Ucapannya aku balas dengan cubitan menyakitkan di pinggangnya. Sedang asyiknya bercanda, tiba-tiba pintu terbuka.
"Papa...." ucap kami bersama saat melihat papa tiba-tiba datang dengan pakaian khas orang pulang dari bekerja.

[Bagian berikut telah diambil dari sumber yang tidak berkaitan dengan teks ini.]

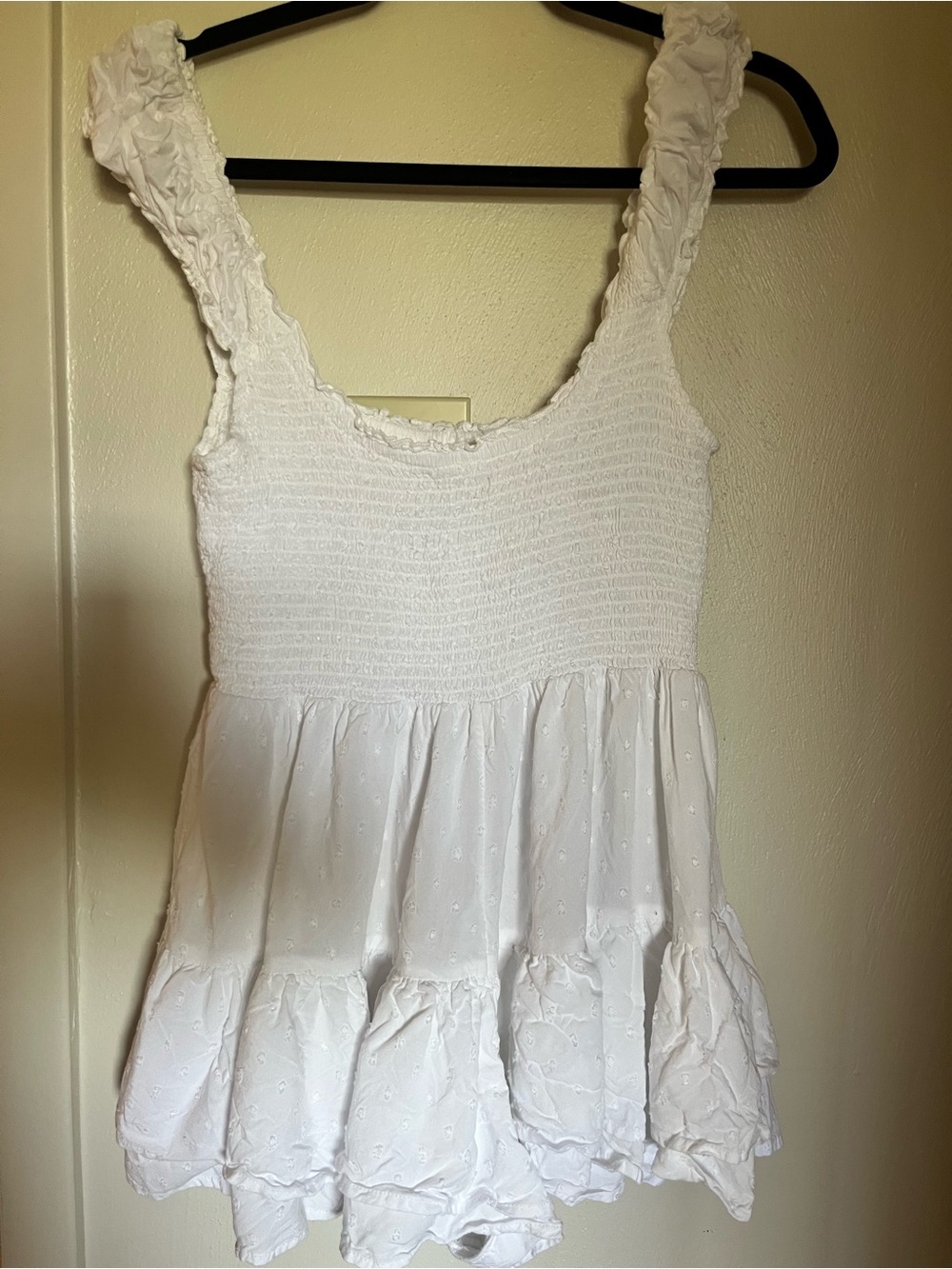 Kimchi Blue White Smocked Tiered Romper - Picture 3 of 5
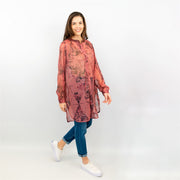 Next Red Floral with Silver Thread Long Sleeve Button-Up Lightweight Tunic Longline Tops - Quality Brands Outlet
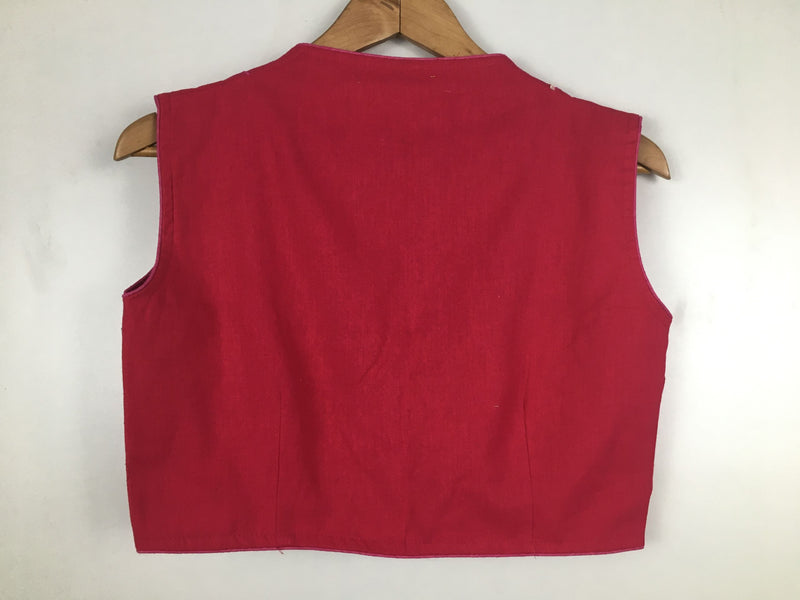 Red Sleeveless Cotton Padded Blouse  - thesaffronsaga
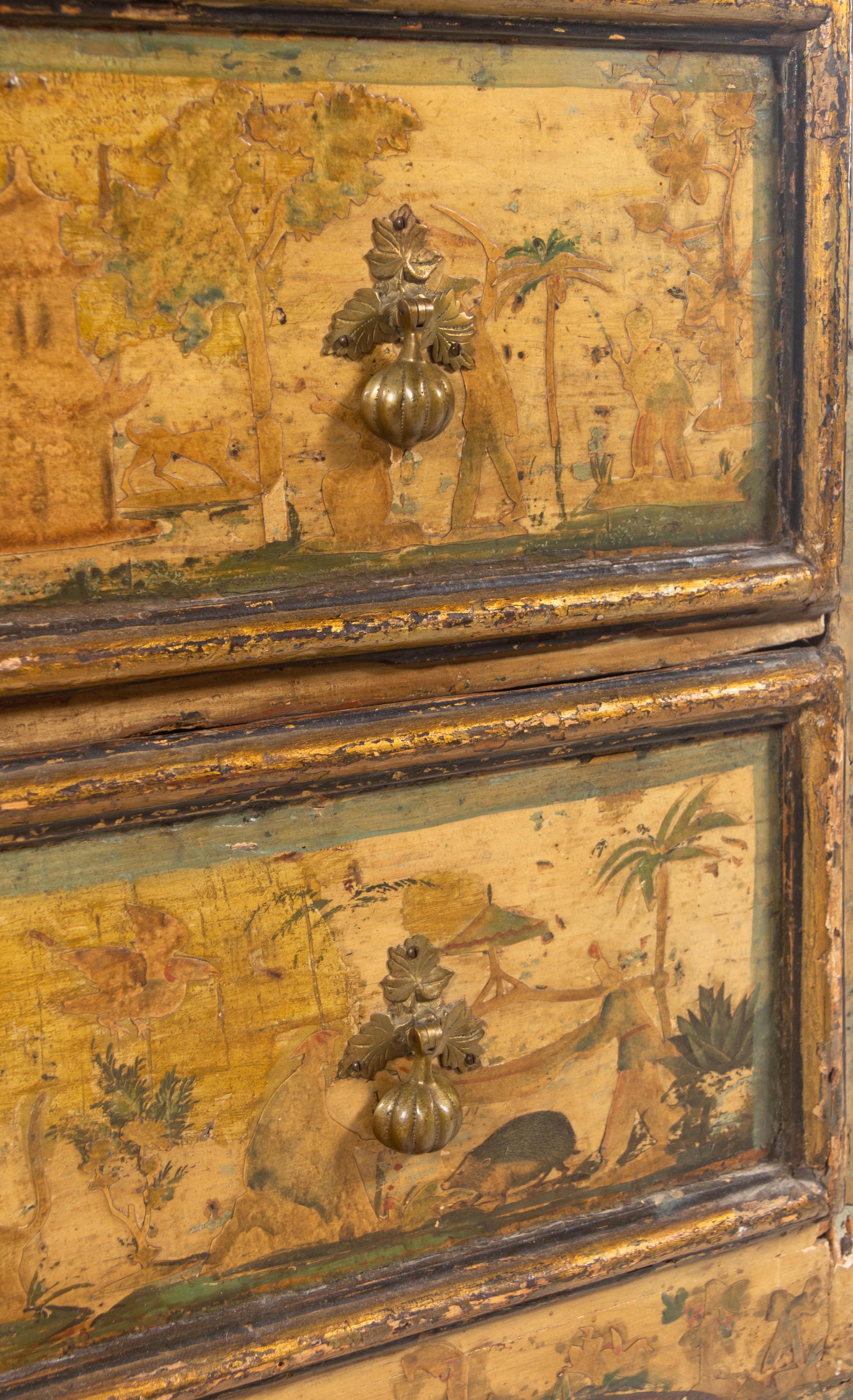 A Venetian Painted Secretary Bureau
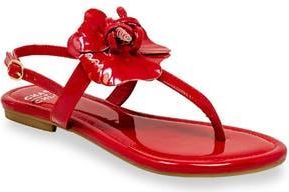 Chase + Chloe by Intouch Footwear Floral Post Toe Sandal in Red Patent at Nordstrom Rack, Size 8.5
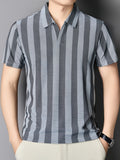 [Sleek Awakening OBM] Spring/Summer New Men'S Polo Shirt, Old Money Style Knit Jacquard Striped Contrast Half-Button Placket Cutaway Collar Short Sleeve T-Shirt for Men, Fashionable And Versatile Pullover Base Layer Top - Deep Grey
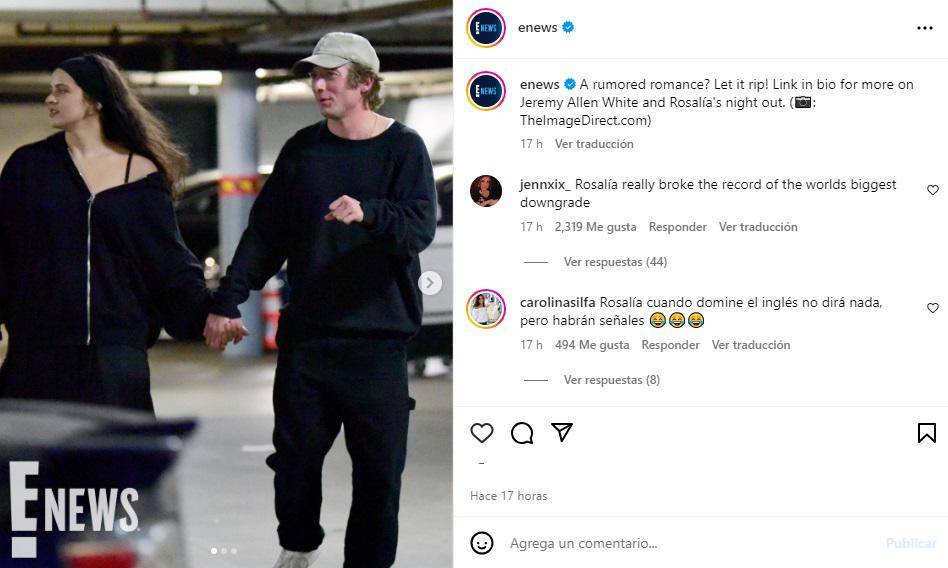 El sitio ENews! se encargó de publicar la imagen de Rosalía tomada de la mano de Jeremy Allen White.
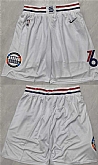 Philadelphia 76ers White NBA Stitched Shorts (Run Small),baseball caps,new era cap wholesale,wholesale hats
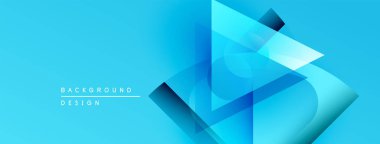 Soyut mavi tasarım, üst üste binen geometrik şekiller. Gradyan etkisi derinlik yaratır, modern estetik. Minimalist kompozisyon, canlı renkler.
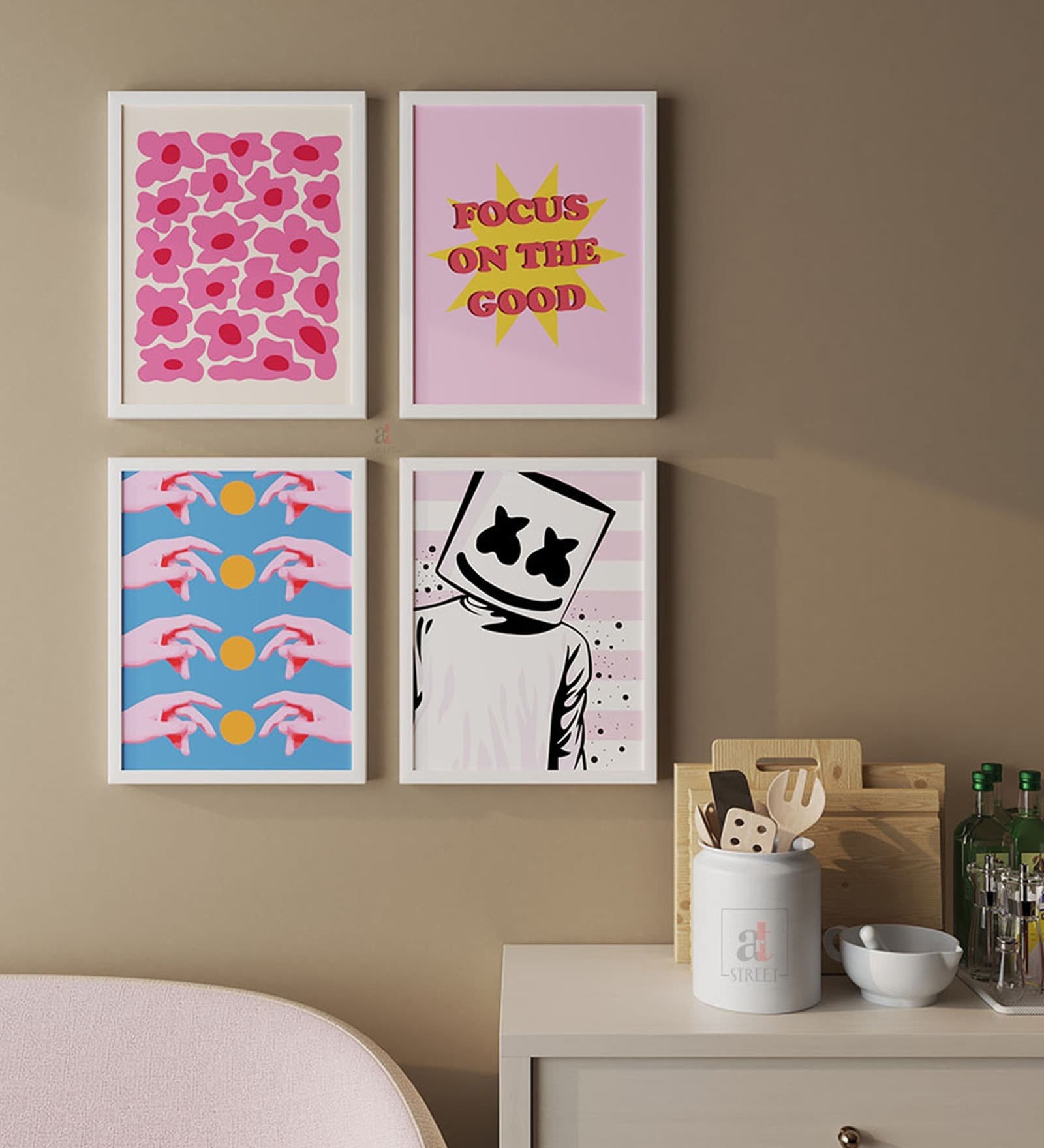 Art Street Motivational Poster Focus On the Good Art Prints For Wall D cor Art Posters For Home Decoration (Set Of 4, 13x17 Inch)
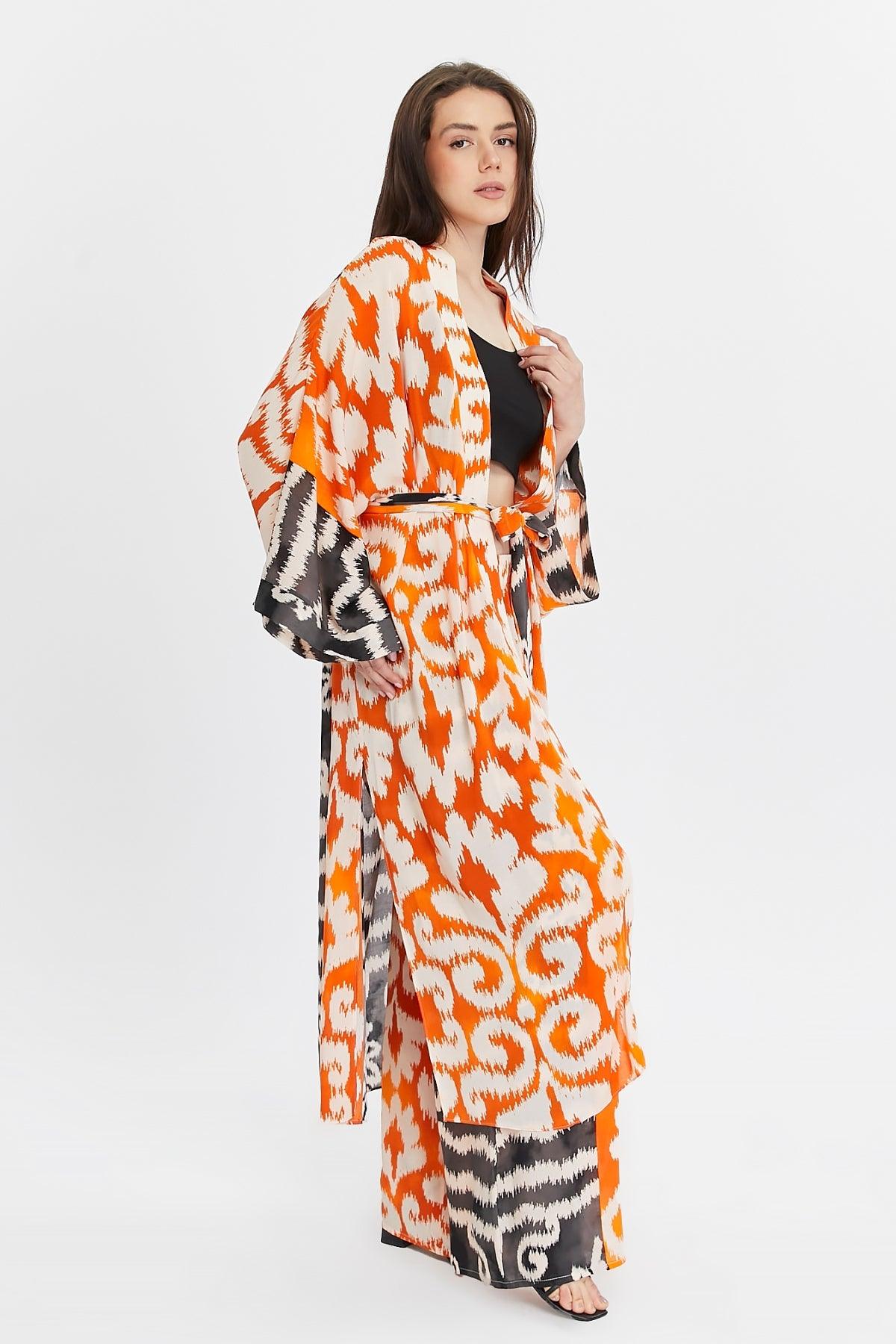 Turuncu Desenli Kimono – Bohem Tarz Kadın Giyim Tasarım | Yılday Gür Butik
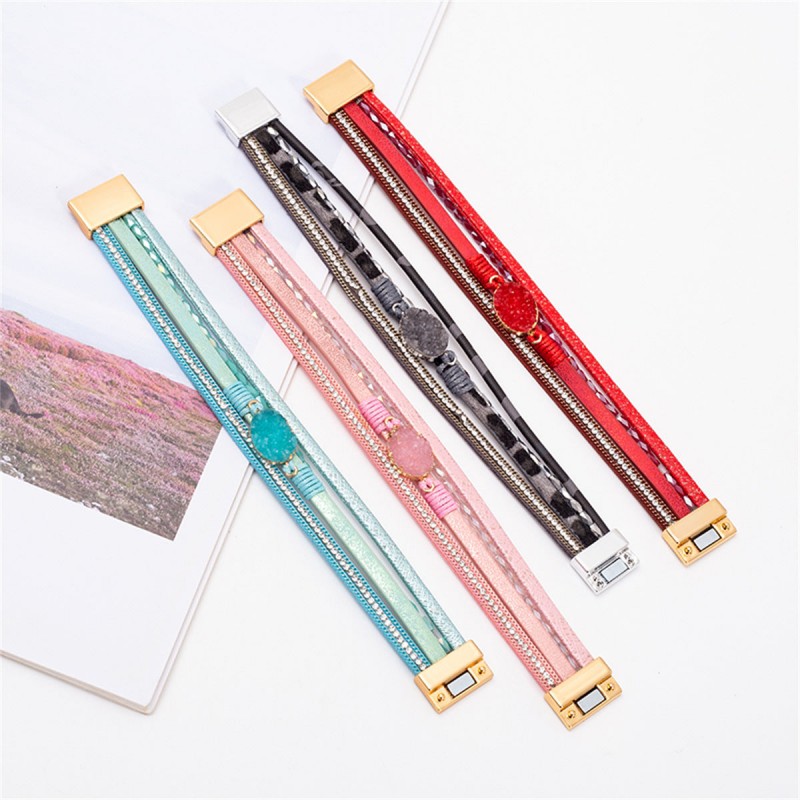 Crystal Studded Vintage Ethnic Style Beaded Leather Bracelet Crystal Studded Vintage Ethnic Style Beaded Leather Bracelet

"Kenapa Papa kesini?" tanyaku.
"Papa mau jemput Mama seklian bareng pulang dulu ke rumah. Tapi kenapa laki-laki ini ada di sini? Mamamu benar-benar tidak bisa dipercaya," seru papa marah saat melihat mas Arsen ada bersamaku.
"Pa .... " Aku berteriak memelas.
"Kamu memang tidak bisa kasih tahu dengan kata-kata." Papa berkata sambil menghajar mas Arsen.
"Papa hentikan!" Aku berteriak histeris.
Lelaki yang mengukir jiwa ragaku itu tidak peduli, Papa tetap memukuli Mas Arsen yang hanya diam tidak melawan atau berusaha melindungi dirinya.
Papa berhenti saat melihat suamiku sudah terkapar tidak berdaya. Aku segera menghambur memeluk tubuhnya yang mungkin saja penuh luka.
"Papa tega!" Aku berteriak sambil menangis.